> [Exercise requirements]
Nothing in the records should be altered; retype them all exactly.
===============
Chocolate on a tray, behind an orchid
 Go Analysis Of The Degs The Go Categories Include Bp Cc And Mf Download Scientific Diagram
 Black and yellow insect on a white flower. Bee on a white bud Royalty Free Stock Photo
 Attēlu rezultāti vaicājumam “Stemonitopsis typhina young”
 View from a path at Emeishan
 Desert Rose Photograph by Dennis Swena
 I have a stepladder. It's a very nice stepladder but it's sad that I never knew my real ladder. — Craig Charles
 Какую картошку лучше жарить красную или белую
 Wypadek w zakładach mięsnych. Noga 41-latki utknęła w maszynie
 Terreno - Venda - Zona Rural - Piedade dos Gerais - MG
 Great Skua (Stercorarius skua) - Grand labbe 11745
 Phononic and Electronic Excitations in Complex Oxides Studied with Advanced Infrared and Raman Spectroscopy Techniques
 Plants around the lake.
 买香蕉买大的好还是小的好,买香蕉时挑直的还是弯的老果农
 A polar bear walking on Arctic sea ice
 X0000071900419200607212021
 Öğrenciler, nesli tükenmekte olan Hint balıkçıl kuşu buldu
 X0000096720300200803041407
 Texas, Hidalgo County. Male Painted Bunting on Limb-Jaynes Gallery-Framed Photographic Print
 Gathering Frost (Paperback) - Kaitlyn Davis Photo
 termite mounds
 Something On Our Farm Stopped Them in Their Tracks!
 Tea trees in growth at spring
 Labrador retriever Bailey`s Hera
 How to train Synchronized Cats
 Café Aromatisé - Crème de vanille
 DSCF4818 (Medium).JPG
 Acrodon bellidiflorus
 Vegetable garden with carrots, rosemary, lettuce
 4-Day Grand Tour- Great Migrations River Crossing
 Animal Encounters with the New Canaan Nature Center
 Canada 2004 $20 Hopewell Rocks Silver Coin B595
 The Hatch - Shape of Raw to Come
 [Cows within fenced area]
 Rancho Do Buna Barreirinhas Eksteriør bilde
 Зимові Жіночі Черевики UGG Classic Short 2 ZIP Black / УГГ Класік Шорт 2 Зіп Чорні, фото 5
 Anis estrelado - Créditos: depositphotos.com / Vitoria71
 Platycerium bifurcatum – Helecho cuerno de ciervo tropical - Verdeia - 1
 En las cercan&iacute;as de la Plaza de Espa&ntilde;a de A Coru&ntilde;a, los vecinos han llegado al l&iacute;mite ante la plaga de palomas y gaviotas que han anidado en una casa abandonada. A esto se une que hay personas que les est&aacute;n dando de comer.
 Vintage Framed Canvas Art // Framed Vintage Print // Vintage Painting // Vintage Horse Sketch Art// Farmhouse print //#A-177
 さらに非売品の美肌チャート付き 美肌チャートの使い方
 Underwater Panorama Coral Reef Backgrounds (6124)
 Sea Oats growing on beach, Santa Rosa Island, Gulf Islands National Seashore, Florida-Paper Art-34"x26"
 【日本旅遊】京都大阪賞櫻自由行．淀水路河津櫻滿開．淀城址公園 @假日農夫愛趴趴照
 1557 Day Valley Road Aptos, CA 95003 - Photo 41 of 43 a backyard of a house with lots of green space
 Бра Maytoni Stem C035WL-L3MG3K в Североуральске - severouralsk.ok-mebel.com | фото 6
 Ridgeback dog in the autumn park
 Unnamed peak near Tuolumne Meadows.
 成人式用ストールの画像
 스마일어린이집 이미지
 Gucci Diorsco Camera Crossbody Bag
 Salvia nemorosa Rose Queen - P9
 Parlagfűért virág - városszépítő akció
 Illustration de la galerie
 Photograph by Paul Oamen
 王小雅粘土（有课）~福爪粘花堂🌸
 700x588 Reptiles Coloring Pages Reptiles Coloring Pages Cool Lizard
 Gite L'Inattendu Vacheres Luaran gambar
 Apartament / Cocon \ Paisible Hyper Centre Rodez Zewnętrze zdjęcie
===============
> [Output of the exercise]
Chocolate on a tray, behind an orchid
 Go Analysis Of The Degs The Go Categories Include Bp Cc And Mf Download Scientific Diagram
 Black and yellow insect on a white flower. Bee on a white bud Royalty Free Stock Photo
 Attēlu rezultāti vaicājumam “Stemonitopsis typhina young”
 View from a path at Emeishan
 Desert Rose Photograph by Dennis Swena
 I have a stepladder. It's a very nice stepladder but it's sad that I never knew my real ladder. — Craig Charles
 Какую картошку лучше жарить красную или белую
 Wypadek w zakładach mięsnych. Noga 41-latki utknęła w maszynie
 Terreno - Venda - Zona Rural - Piedade dos Gerais - MG
 Great Skua (Stercorarius skua) - Grand labbe 11745
 Phononic and Electronic Excitations in Complex Oxides Studied with Advanced Infrared and Raman Spectroscopy Techniques
 Plants around the lake.
 买香蕉买大的好还是小的好,买香蕉时挑直的还是弯的老果农
 A polar bear walking on Arctic sea ice
 X0000071900419200607212021
 Öğrenciler, nesli tükenmekte olan Hint balıkçıl kuşu buldu
 X0000096720300200803041407
 Texas, Hidalgo County. Male Painted Bunting on Limb-Jaynes Gallery-Framed Photographic Print
 Gathering Frost (Paperback) - Kaitlyn Davis Photo
 termite mounds
 Something On Our Farm Stopped Them in Their Tracks!
 Tea trees in growth at spring
 Labrador retriever Bailey`s Hera
 How to train Synchronized Cats
 Café Aromatisé - Crème de vanille
 DSCF4818 (Medium).JPG
 Acrodon bellidiflorus
 Vegetable garden with carrots, rosemary, lettuce
 4-Day Grand Tour- Great Migrations River Crossing
 Animal Encounters with the New Canaan Nature Center
 Canada 2004 $20 Hopewell Rocks Silver Coin B595
 The Hatch - Shape of Raw to Come
 [Cows within fenced area]
 Rancho Do Buna Barreirinhas Eksteriør bilde
 Зимові Жіночі Черевики UGG Classic Short 2 ZIP Black / УГГ Класік Шорт 2 Зіп Чорні, фото 5
 Anis estrelado - Créditos: depositphotos.com / Vitoria71
 Platycerium bifurcatum – Helecho cuerno de ciervo tropical - Verdeia - 1
 En las cercan&iacute;as de la Plaza de Espa&ntilde;a de A Coru&ntilde;a, los vecinos han llegado al l&iacute;mite ante la plaga de palomas y gaviotas que han anidado en una casa abandonada. A esto se une que hay personas que les est&aacute;n dando de comer.
 Vintage Framed Canvas Art // Framed Vintage Print // Vintage Painting // Vintage Horse Sketch Art// Farmhouse print //#A-177
 さらに非売品の美肌チャート付き 美肌チャートの使い方
 Underwater Panorama Coral Reef Backgrounds (6124)
 Sea Oats growing on beach, Santa Rosa Island, Gulf Islands National Seashore, Florida-Paper Art-34"x26"
 【日本旅遊】京都大阪賞櫻自由行．淀水路河津櫻滿開．淀城址公園 @假日農夫愛趴趴照
 1557 Day Valley Road Aptos, CA 95003 - Photo 41 of 43 a backyard of a house with lots of green space
 Бра Maytoni Stem C035WL-L3MG3K в Североуральске - severouralsk.ok-mebel.com | фото 6
 Ridgeback dog in the autumn park
 Unnamed peak near Tuolumne Meadows.
 成人式用ストールの画像
 스마일어린이집 이미지
 Gucci Diorsco Camera Crossbody Bag
 Salvia nemorosa Rose Queen - P9
 Parlagfűért virág - városszépítő akció
 Illustration de la galerie
 Photograph by Paul Oamen
 王小雅粘土（有课）~福爪粘花堂🌸
 700x588 Reptiles Coloring Pages Reptiles Coloring Pages Cool Lizard
 Gite L'Inattendu Vacheres Luaran gambar
 Apartament / Cocon \ Paisible Hyper Centre Rodez Zewnętrze zdjęcie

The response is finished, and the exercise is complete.